_GIVEN DATA:_
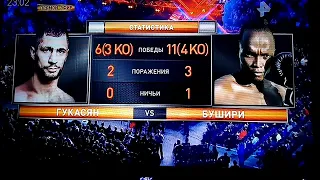 #бой #бокс Гукасян vs Бушири.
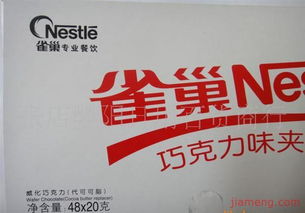 張店嬰陽日用百貨商行加盟連鎖火爆招商中，攜手全球加盟網共創財富未來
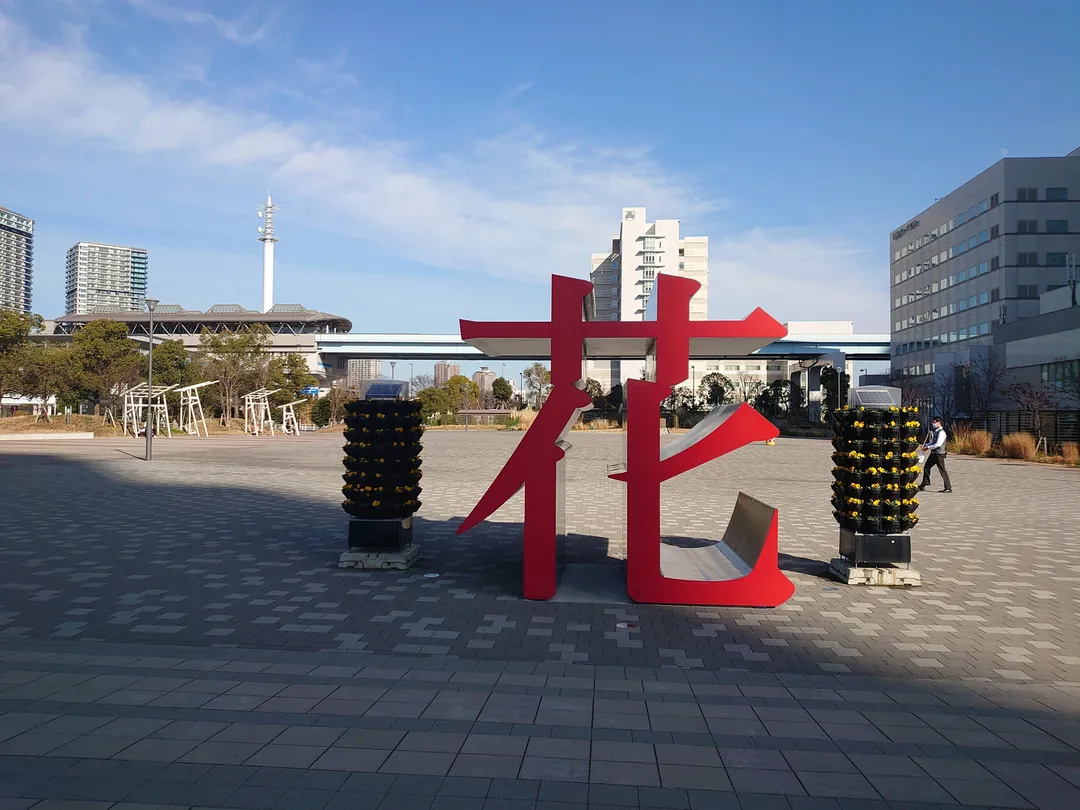 5_東京國際會展中心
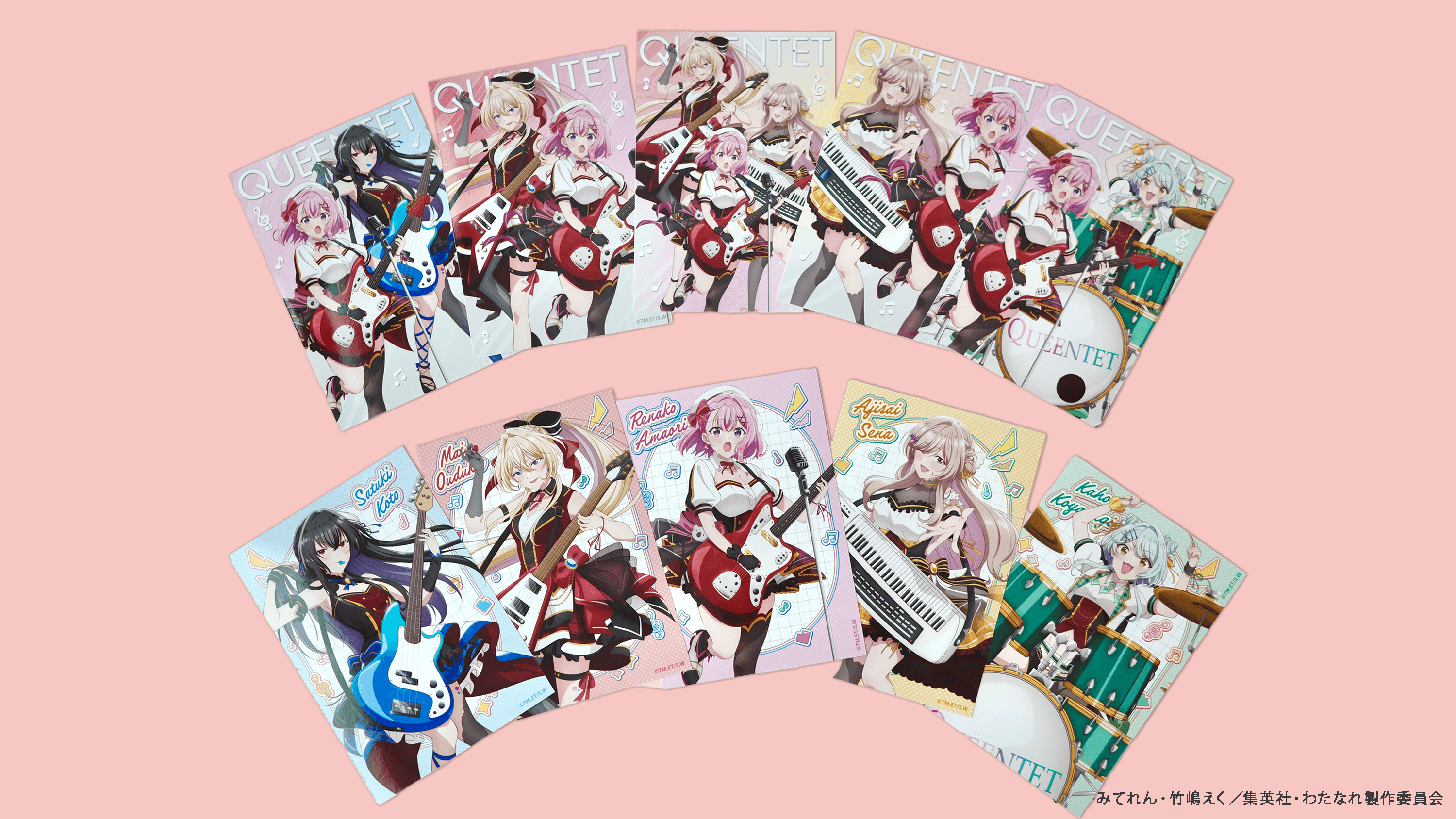 トレーディングブロマイド　バンドＶｅｒ．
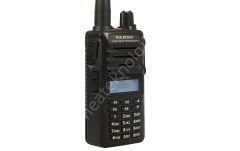 Yaesu FT-65E VHF/UHF Dual Band FM Amatör El Telsizi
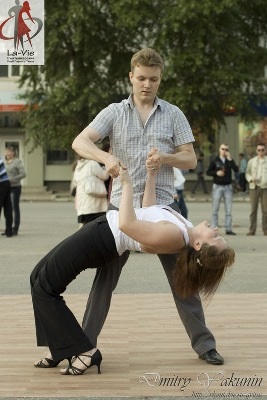 În cazul în care în Syktyvkar învăța cum să danseze, komionline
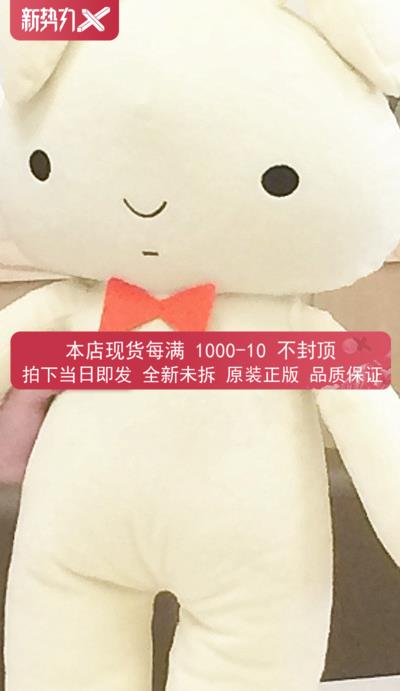 Spot BP glasses factory Plush crayon Xiao Xin Nini's rabbit angry rabbit 48cm
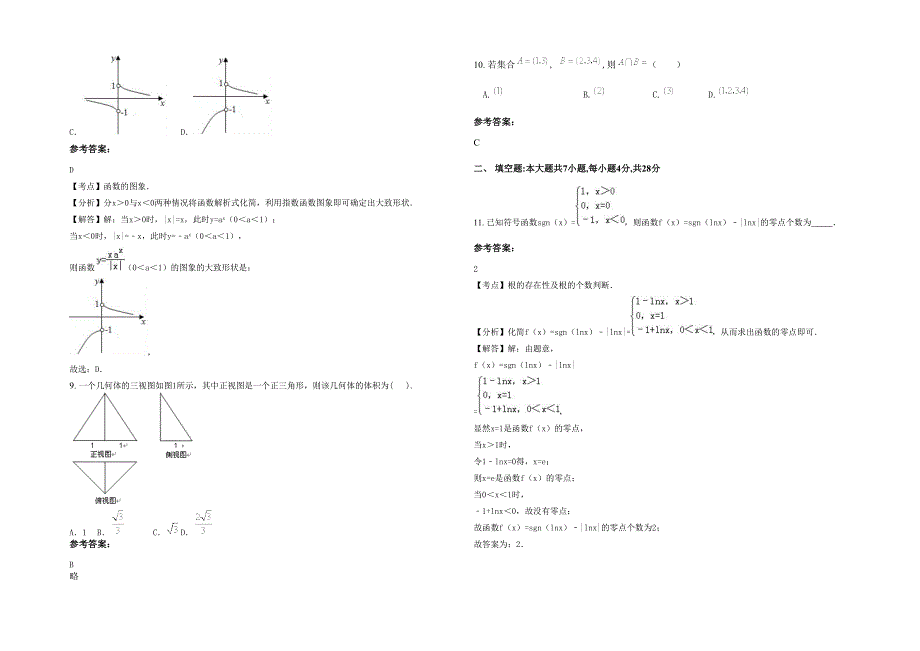 湖南省益阳市沅嘴镇联校2021年高一数学理联考试题含解析_第2页
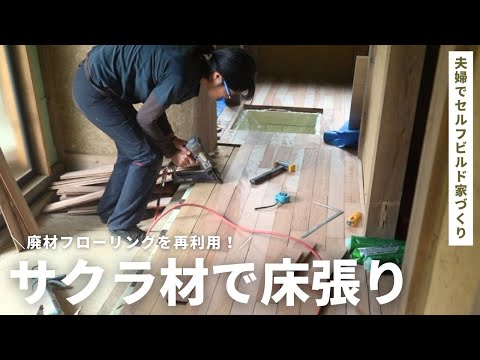 地板C 敷板　木製 ラーチ板目天然木のツキ板シート「ノーマルタイプ」A4サイズの販売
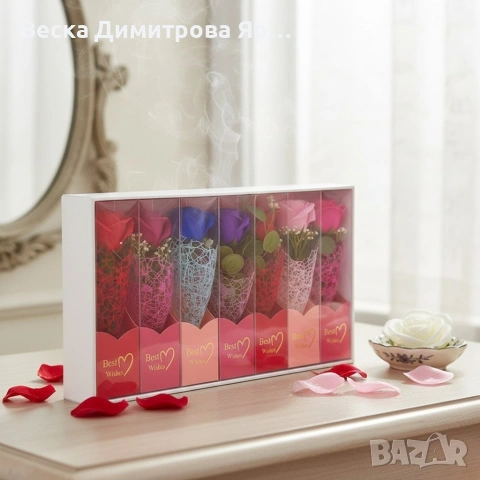 Декоративна единична роза в подаръчна кутия „Best Wishes“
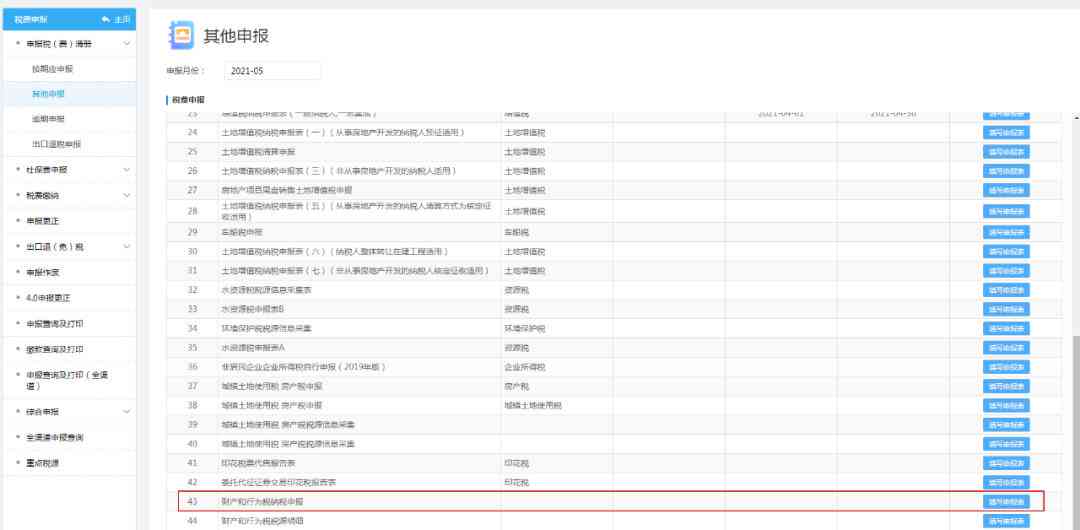 湖北省电子税务局全面升级，申报和操作流程更简便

_TASK:_ Transcribe the data completely. No pictures should appear in the transcription.

_ANSWER TO THIS TASK:_
 #бой #бокс Гукасян vs Бушири.
 張店嬰陽日用百貨商行加盟連鎖火爆招商中，攜手全球加盟網共創財富未來
 5_東京國際會展中心
 トレーディングブロマイド　バンドＶｅｒ．
 Yaesu FT-65E VHF/UHF Dual Band FM Amatör El Telsizi
 În cazul în care în Syktyvkar învăța cum să danseze, komionline
 Spot BP glasses factory Plush crayon Xiao Xin Nini's rabbit angry rabbit 48cm
 湖南省益阳市沅嘴镇联校2021年高一数学理联考试题含解析_第2页
 地板C 敷板　木製 ラーチ板目天然木のツキ板シート「ノーマルタイプ」A4サイズの販売
 Декоративна единична роза в подаръчна кутия „Best Wishes“
 湖北省电子税务局全面升级，申报和操作流程更简便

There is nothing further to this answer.